Exercise material —
################

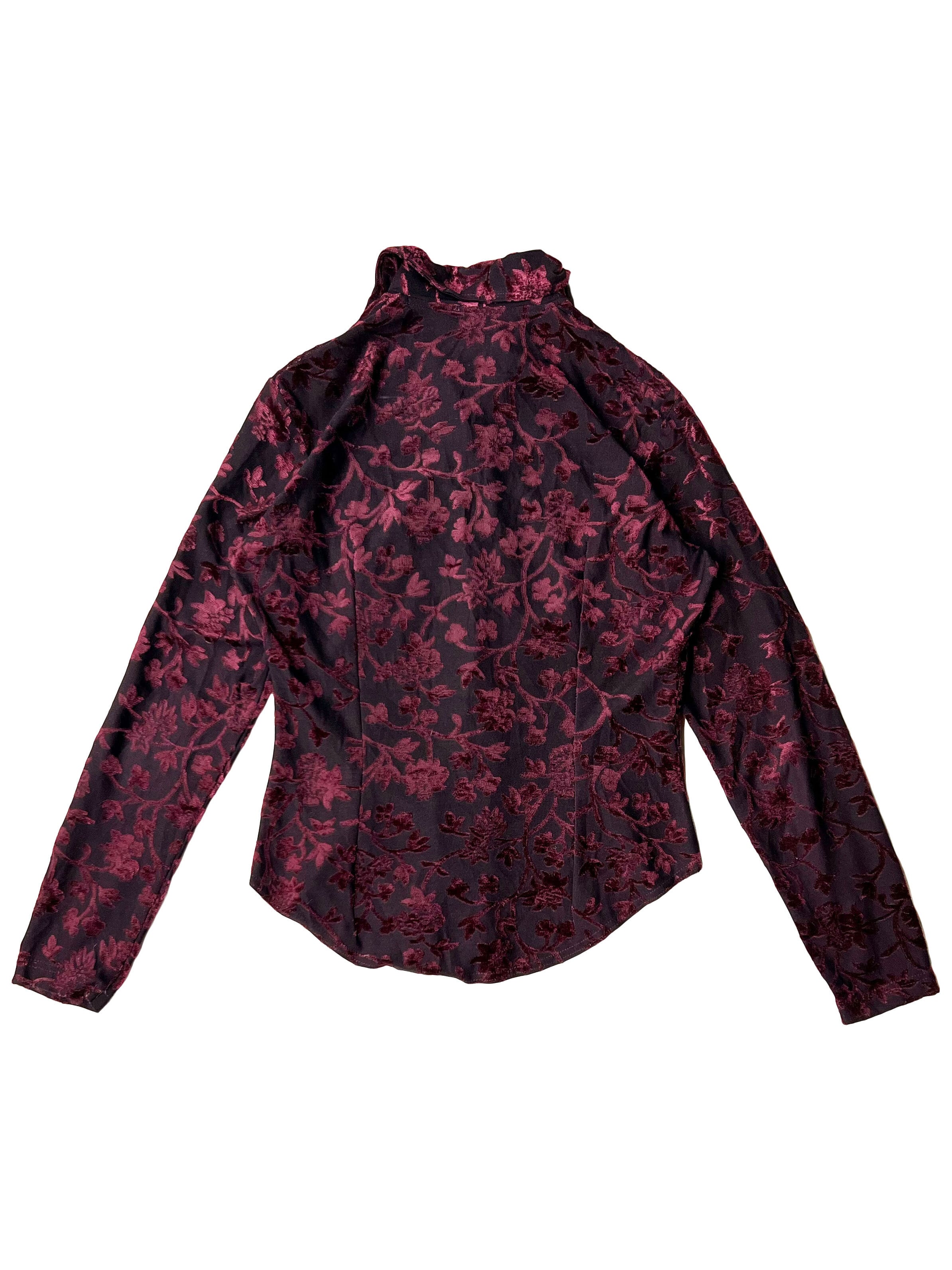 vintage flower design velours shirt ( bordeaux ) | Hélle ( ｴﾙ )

################

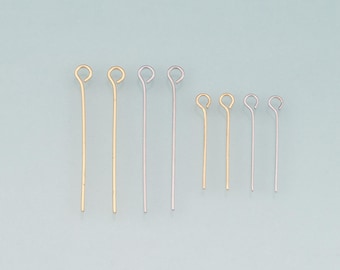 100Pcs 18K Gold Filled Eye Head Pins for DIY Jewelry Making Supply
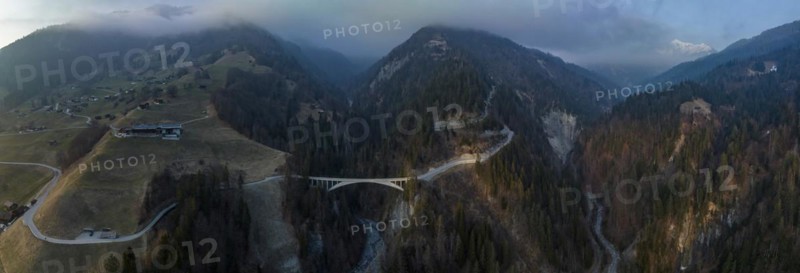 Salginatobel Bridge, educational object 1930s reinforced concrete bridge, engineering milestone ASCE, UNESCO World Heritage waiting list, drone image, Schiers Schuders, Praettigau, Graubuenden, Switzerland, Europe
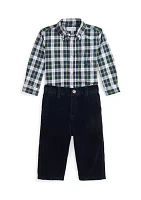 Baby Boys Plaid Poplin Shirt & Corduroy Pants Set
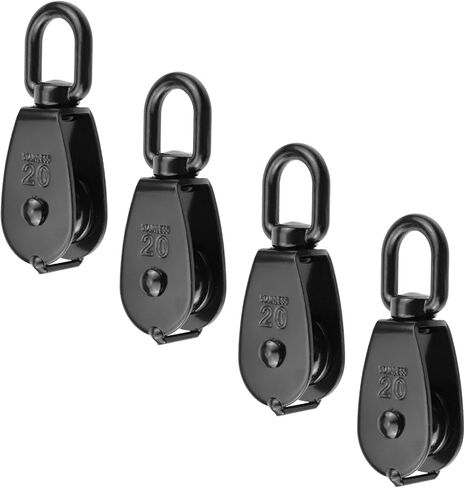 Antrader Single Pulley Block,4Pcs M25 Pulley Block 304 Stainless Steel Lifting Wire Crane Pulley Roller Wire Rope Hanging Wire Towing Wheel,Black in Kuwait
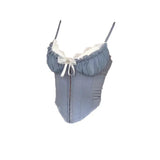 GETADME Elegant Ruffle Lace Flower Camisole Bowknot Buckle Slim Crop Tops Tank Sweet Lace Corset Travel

################

Task — Out of the records above, please copy exactly the lines from the line with "100Pcs 18K Gold" up to and including the line with "Salginatobel Bridge, educational", minus the pictures.

Response area —
 100Pcs 18K Gold Filled Eye Head Pins for DIY Jewelry Making Supply
 Salginatobel Bridge, educational object 1930s reinforced concrete bridge, engineering milestone ASCE, UNESCO World Heritage waiting list, drone image, Schiers Schuders, Praettigau, Graubuenden, Switzerland, Europe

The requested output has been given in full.